When I first moved to Astoria in 2005, I had been a dyed-in-the-wool Manhattanite for 12 years, rarely stepping beyond my island boundaries. I’d been to Brooklyn a few times to visit a boyfriend, I’d visited P.S. 1 in Long Island City once, but for the most part my outer-borough curiosity was limited to “Where’s Queens and do I need a passport to get there?”
 
But the combination of rising rent ($500 a month hike) and a bad roommate (well, OK, husband), led me to Astoria, where I knew a friend had lived happily for 15 years. 
 
Once I saw the size/price ratio, I was sold. I’d have nearly 900 square feet for $1,300 compared to my Chelsea digs of 500 square feet for $2,300. I moved into what I considered the first adult apartment I’d ever had: a gracious and spacious foyer, pre-war details such as arches and built-in shelves and a true eat-in kitchen. I had four closets—and things didn’t fall onto my head when I opened the doors...a sign of real maturity.
 
My apartment complex was comprised of two large H-shaped buildings flanking a leafy and landscaped courtyard. It was a pleasure coming home every evening, opening the wrought-iron gate and walking the path through the hydrangea bushes. 
 
I was equally charmed by the neighborhood with its Old World vibe, mom and pop stores and delicious and exotic food everywhere. I lived half a block from a clean, well-stocked C-Town grocery store that carried the full range of staples I desired—from fresh broccoli rabe to organic arugula. I indulged my ethnic palate at Trade Fair, where I was often one of a teeny handful of Caucasians amid a sea of Indian, Pakistan, Arab and Hispanic shoppers scooping up daal, ginger-infused condiments and strange, curled peppers.
 
My olives, feta cheese and fresh pita bread came from Euro Market, a store with an eclectic selection from Eastern Europe, Greece, Turkey and Italy. My tuna steaks came from a variety of local fishmongers. I bought organic chicken from the local butcher, I splurged on cheese from the trendy Astoria Biere and Cheese shop, and I scoured the esoteric bargain wines at Grand Wine & Liquors, where I could taste the world for less than $10 a bottle.
 
Foraging was just one of the many rewards of living in Astoria. Eating out was a sublime pleasure, too—from the honest cooking of a taverna to the aspirational wine bar or pub.
 
Rarely did I wait for a table (with the exception of the ever-crowded Taverna Kyclades, which served its waiting patrons wine) and service and food were almost always a pleasure.
 
A bottle of red and charcuterie plate at Winegasm was a fraction of the price of what I’d pay in Manhattan—and equally delicious.

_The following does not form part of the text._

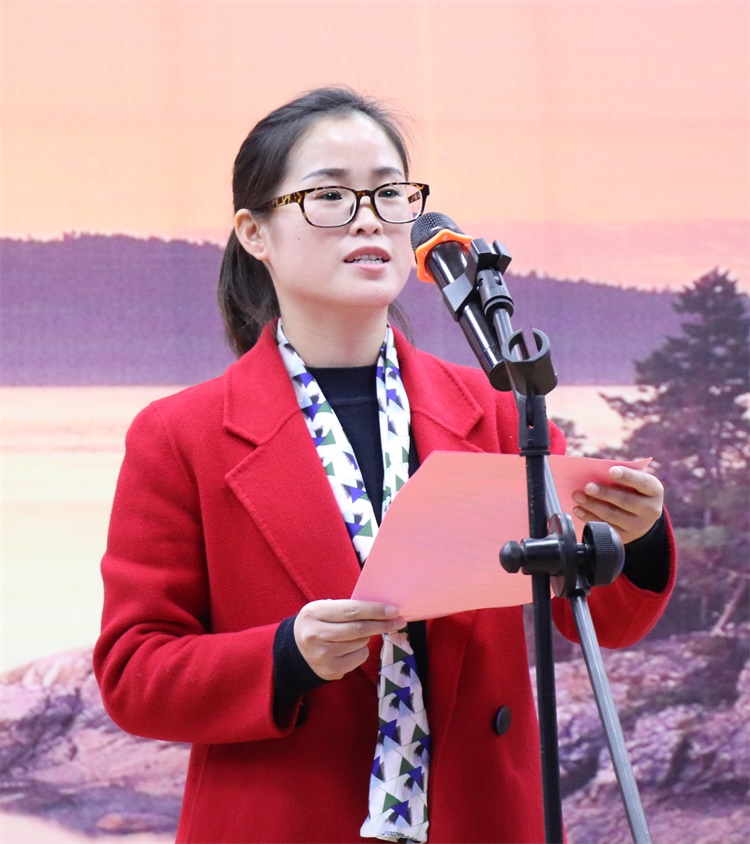 2赵九月代表女教师发言.JPG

Seva, the local Indian restaurant, served huge portions and always filled my second glass of wine on the house. The owner of BZGrill often pulled up a chair to our table and pulled out a bottle of wine.
 
As people were priced out of Manhattan, then Brooklyn, many found Astoria. Each time my lease came up in the last four years, my landlord tried hiking my rent $500 a month. With each renewal term, I’d walk to his office, cock my head and say, “Really? Mr. Pappas, don’t you think $500 a month is kind of steep?” Each year he’d moan about taxes, insurance, repairs and say, “How about $100?” What could I say but “well, that’s better than $500?'
 
2011 was the last year I wanted to do that. And that was the year I began my home-purchase search. 
 
I ended up in Hudson Heights for a few reasons. No. 1, it had most of what I liked about Astoria: an Old World charisma, independent businesses, and good access to the waterfront and bike paths. No. 2, it was a real neighborhood with a street vibe. And, No. 3, I kept gravitating back to the neighborhood, drawn by either magnetic force or—more likely—by price. I felt like it was a sign from the universe.
 
Once I found a one-bedroom co-op apartment I could afford, I calculated the differences in my monthly nut between renting and owning: I would be paying about $250 less per month and own the place. That came at a small cost: $60,000 for the down payment. 
 
But. now, after six weeks of living in Hudson Heights, I’m more prepared to talk about the pitfalls than the charms. 
 
First of all, it’s LOUD. It seems as if everyone has a blaring radio, a brash opinion, a screaming child or a barking dog. My apartment is set back from the street a bit and overlooks a courtyard—something I thought would be an advantage. But, the sad truth is that the residents use the courtyard as a playground (even though a lovely and historic park and playground is a five-minute walk away) and the sounds of shrieking children travel up the shaft like an echo chamber and into every room that has a window. 
 
It turns out that the “quiet” side street I overlook is actually the exit ramp for 9A, so all day long, I hear trucks groaning to a stop and then idling while they wait for the light to change. 
 
Second, in my house-hunting haze, I grossly underestimated distances from my apartment to the places I frequent most: the post office (10 blocks away), the two decent grocery stores in the neighborhood (seven blocks) and the bank (seven blocks).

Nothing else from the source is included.